Food is also a political and cultural issue
The old wisdom about the easiest way to any person’s heart being through her or his stomach is affirmed in features and advertisements day in and day out. Most newspapers and magazines carry a regular food column, often unintelligible and yet avidly read. High-priced restaurants tout themselves as the best venue for nudging an ongoing romance on a more amorous route, or to the marriage mantap/altar. Indeed the principle actors in any marriage are rightly ignored by the guests who wait speculating about the items of the marriage lunch, or in other cultures, dinner.
This is so even on occasions of state. When Bill Clinton visited India, the newspapers went to town with details of the succulent food prepared for that aficionado of Indian food, with his host, Atal Bihari Vajpayee, a known gourmet (or should one say gourmand?) apparently taking special interest in the menu. Since during such visits officials would have already prepared the final documents to be ceremonially signed at the end of the visit, the culinary rituals occupy much media attention.
But then, food is also a political and cultural issue. During the recent one day Sauharda Sahitya Sammelan in Udupi that preceded, and was projected in some circles as a counter to, the much bigger four-day-long Kannada Sahitya Sammelan (KSS), also in Udupi, the focus was as much on the Sauharda that the sammelan proposed to promote as on the fish curry that was to be part of the menu, in apparent contradistinction to the goddu saru (a broth without strength: Kittel) that those who attended the later sammelan could expect. The choice by the Sauharda organisers, and the preference of the delegates, was also invested with political and ideological dimensions.
In the event, though the menu at the KSS was apparently vegetarian, it was hardly of the goddu saru kind. On the contrary, the focus of the reporting on the KSS in the five Kannada dailies I read was as much on the quantity, variety and mouth-watering temptations of the dishes served to the thousands of delegates as on more weighty matters. Indeed, one newspaper collated the two and estimated that most of the delegates would return to their homes at the end of the sammelan at least four kilos heavier.

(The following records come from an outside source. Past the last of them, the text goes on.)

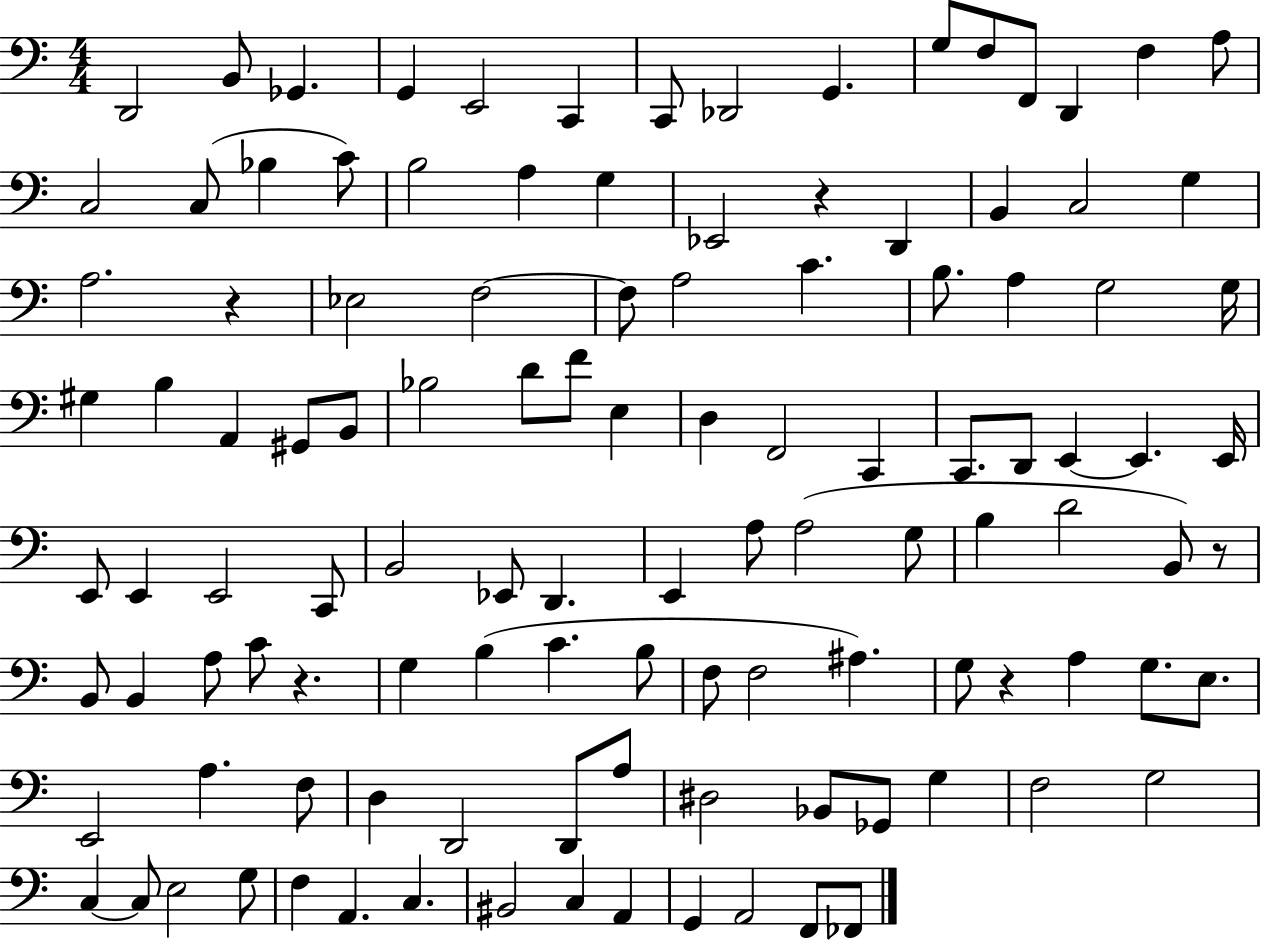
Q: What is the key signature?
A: C major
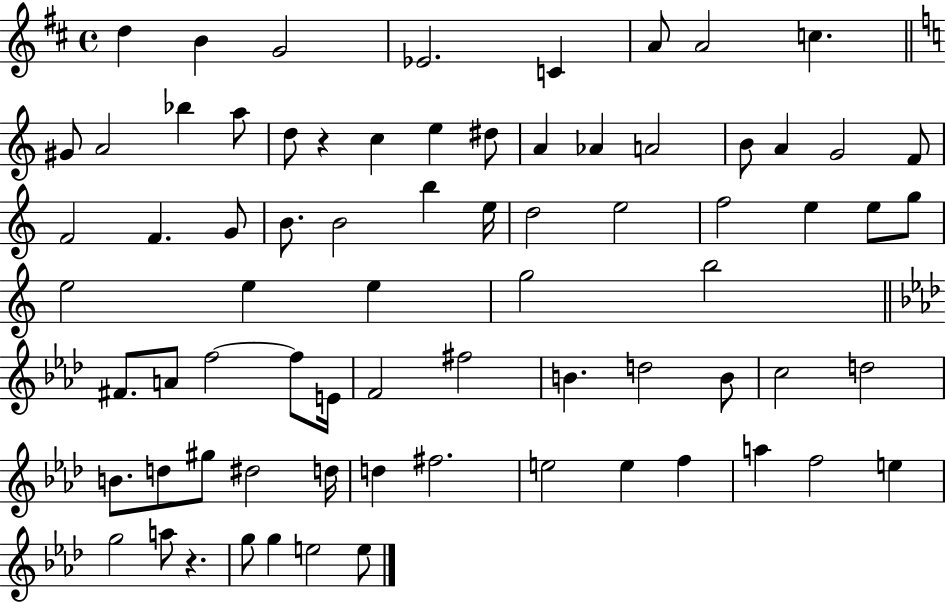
X:1
T:Untitled
M:4/4
L:1/4
K:D
d B G2 _E2 C A/2 A2 c ^G/2 A2 _b a/2 d/2 z c e ^d/2 A _A A2 B/2 A G2 F/2 F2 F G/2 B/2 B2 b e/4 d2 e2 f2 e e/2 g/2 e2 e e g2 b2 ^F/2 A/2 f2 f/2 E/4 F2 ^f2 B d2 B/2 c2 d2 B/2 d/2 ^g/2 ^d2 d/4 d ^f2 e2 e f a f2 e g2 a/2 z g/2 g e2 e/2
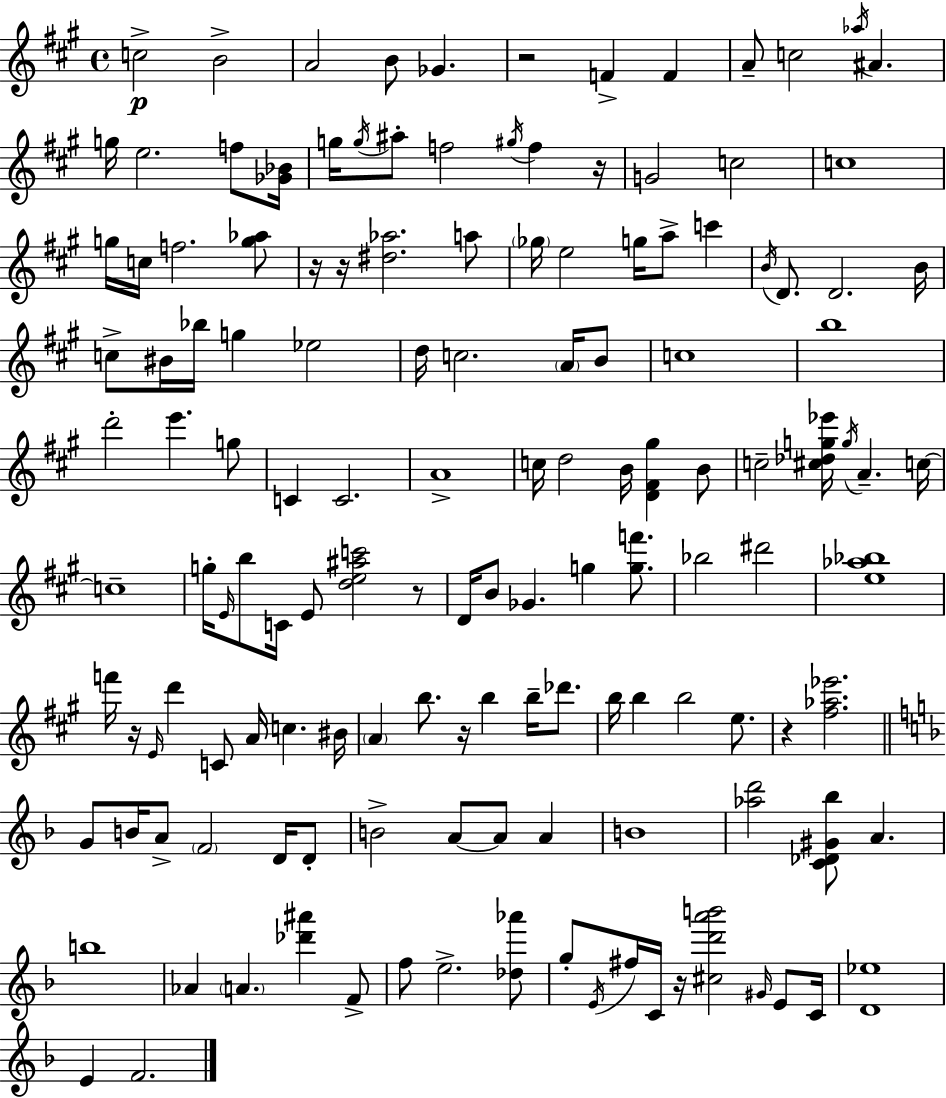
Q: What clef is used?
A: treble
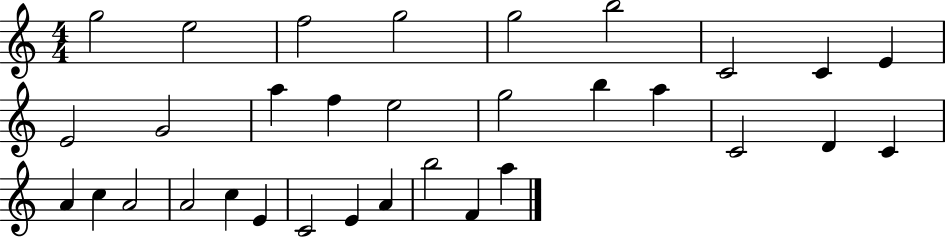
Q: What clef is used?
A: treble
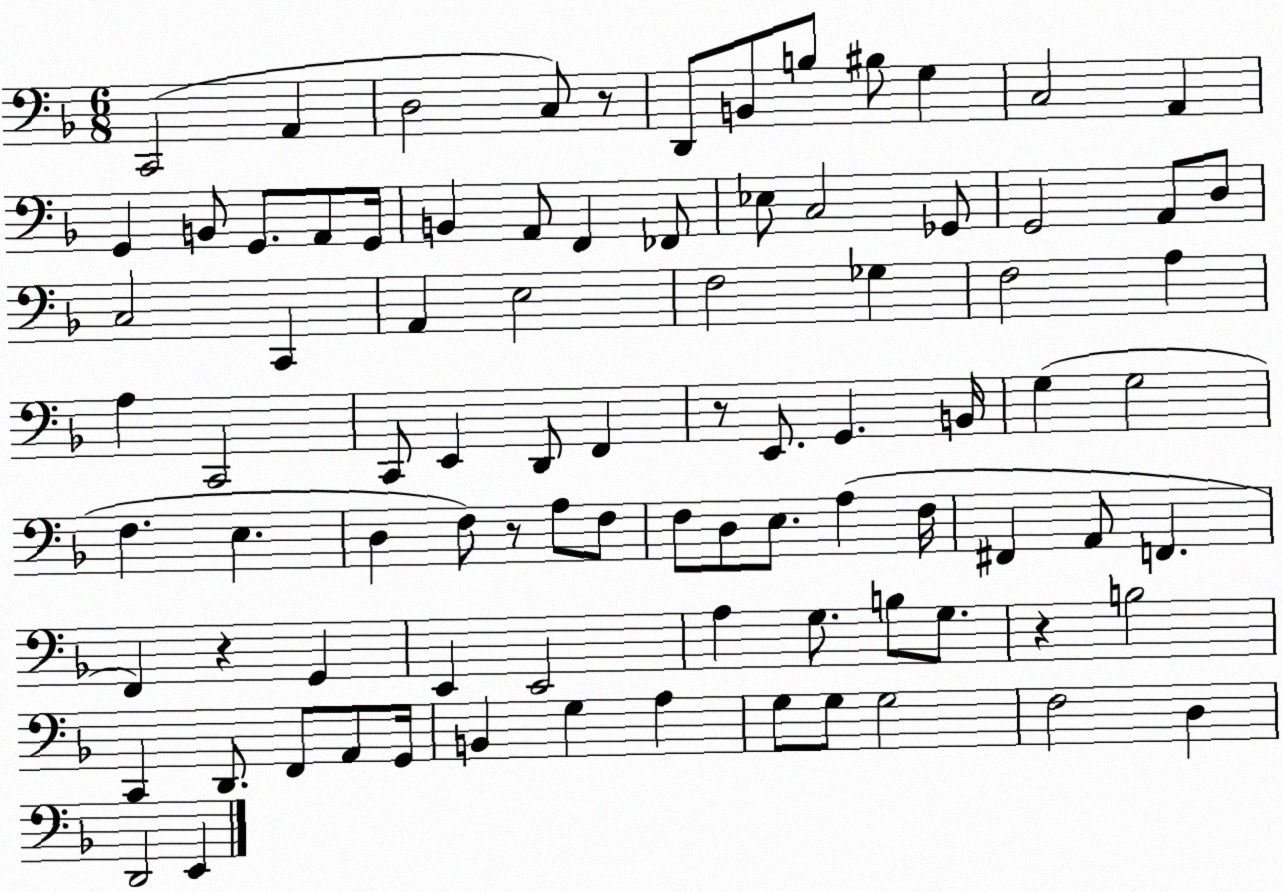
X:1
T:Untitled
M:6/8
L:1/4
K:F
C,,2 A,, D,2 C,/2 z/2 D,,/2 B,,/2 B,/2 ^B,/2 G, C,2 A,, G,, B,,/2 G,,/2 A,,/2 G,,/4 B,, A,,/2 F,, _F,,/2 _E,/2 C,2 _G,,/2 G,,2 A,,/2 D,/2 C,2 C,, A,, E,2 F,2 _G, F,2 A, A, C,,2 C,,/2 E,, D,,/2 F,, z/2 E,,/2 G,, B,,/4 G, G,2 F, E, D, F,/2 z/2 A,/2 F,/2 F,/2 D,/2 E,/2 A, F,/4 ^F,, A,,/2 F,, F,, z G,, E,, E,,2 A, G,/2 B,/2 G,/2 z B,2 C,, D,,/2 F,,/2 A,,/2 G,,/4 B,, G, A, G,/2 G,/2 G,2 F,2 D, D,,2 E,,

Despite food being so newsworthy, a recent occasion where food was focussed in a most unusual manner was, however, almost entirely ignored by the print media. At about 11 a.m. on November 23, according to a report in Varta Bharati accompanied by a striking photograph, “hundreds of Dalit Panthers of India workers” gathered before the Bangalore Town Hall in a protest demonstration against the remarks of the Swamiji of Ramachandrapura Math, a leading campaigner against cow slaughter and for cow protection, condemning those who skinned the carcasses of cows and ate beef as beyond redemption. The protesters cooked rice and beef and consumed the “mouth-watering biriyani” in full public glare. They also threatened that if the Swamiji did not shut up, they would repeat the protest inside the math premises. Apparently some TV channels carried the report; but then, I have out of choice never kept a TV set in my home.
The reticence of much of the print media (including this newspaper) reminded me of the dog that did not bark, and the inferences that were made of that curious silence. What is even more interesting is that there have been no further rants from the Swamiji on this subject.